• [Assigned task] Transcribe the line holding "No mercy for" together with every line after it, through the end of the records, exactly and with no pictures.

• [Records shown]
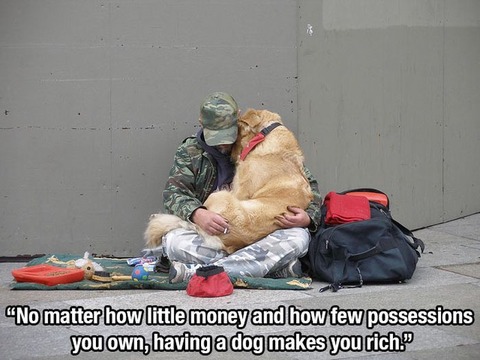 dog_quotes_01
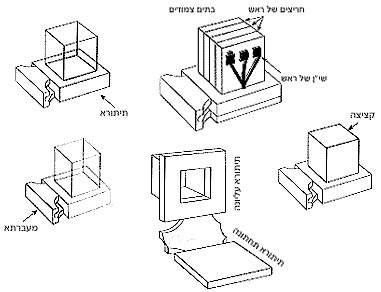 Tefilin Construction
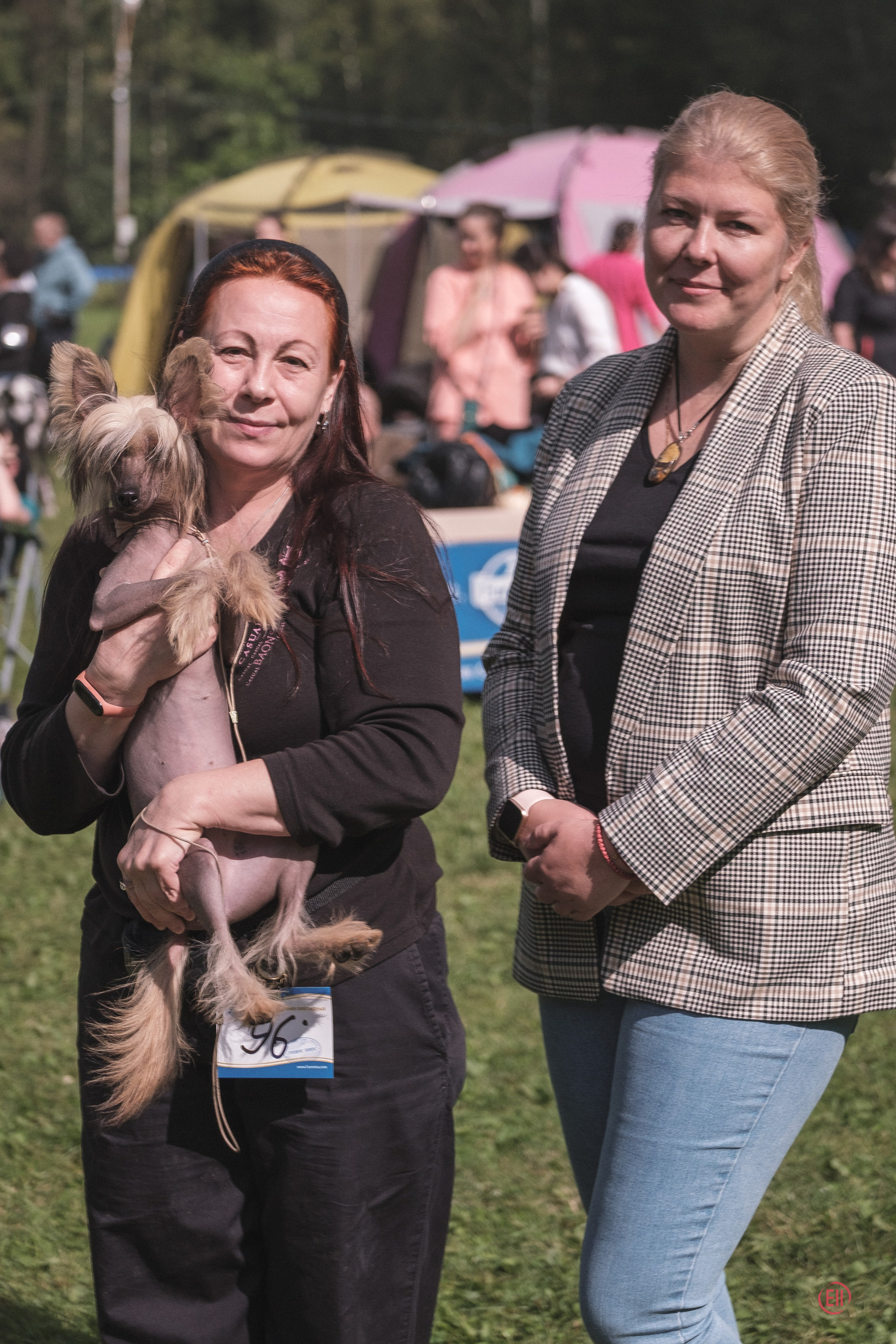 Chester became a dad. Chinese Crested Dog Kennel Poale Ell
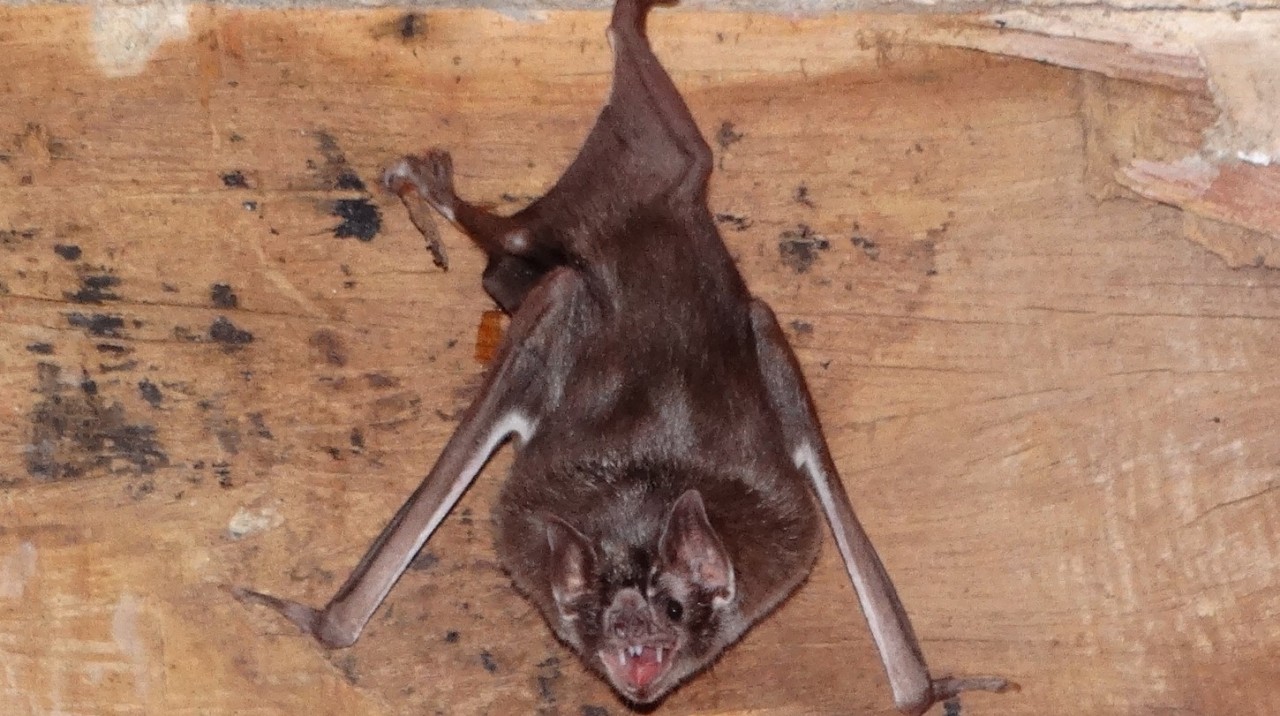 Vigilância Ambiental fez mais de 130 mil visitas em casas de Botucatu durante 2017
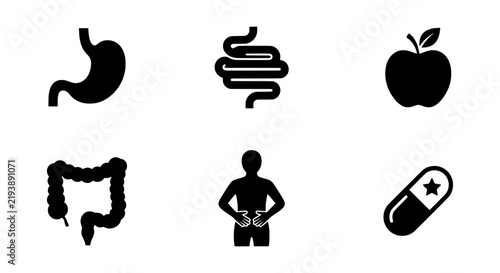 Digestive System Icons, Human Anatomy Vector Graphics, Health & Wellness Symbols Set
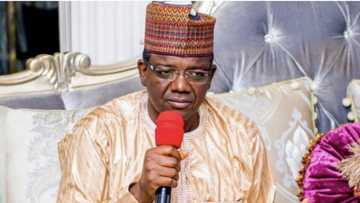 No mercy for you again, northern governor tells bandits, vows to deal with sponsors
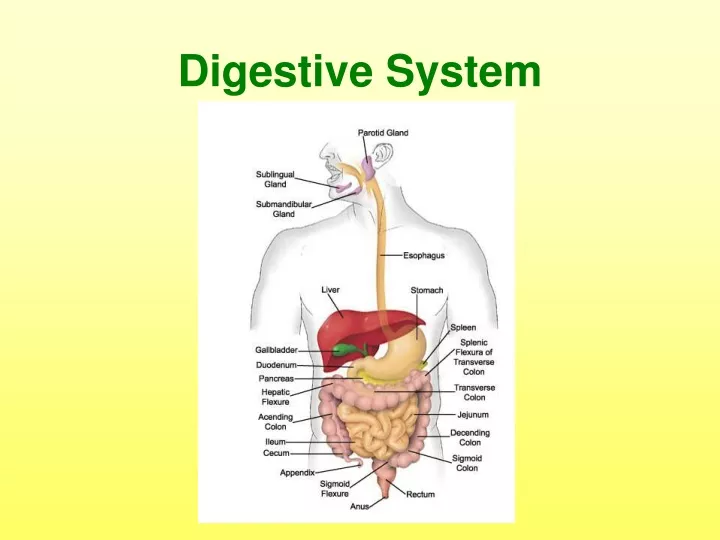 digestive system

• [Response box]
 No mercy for you again, northern governor tells bandits, vows to deal with sponsors
 digestive system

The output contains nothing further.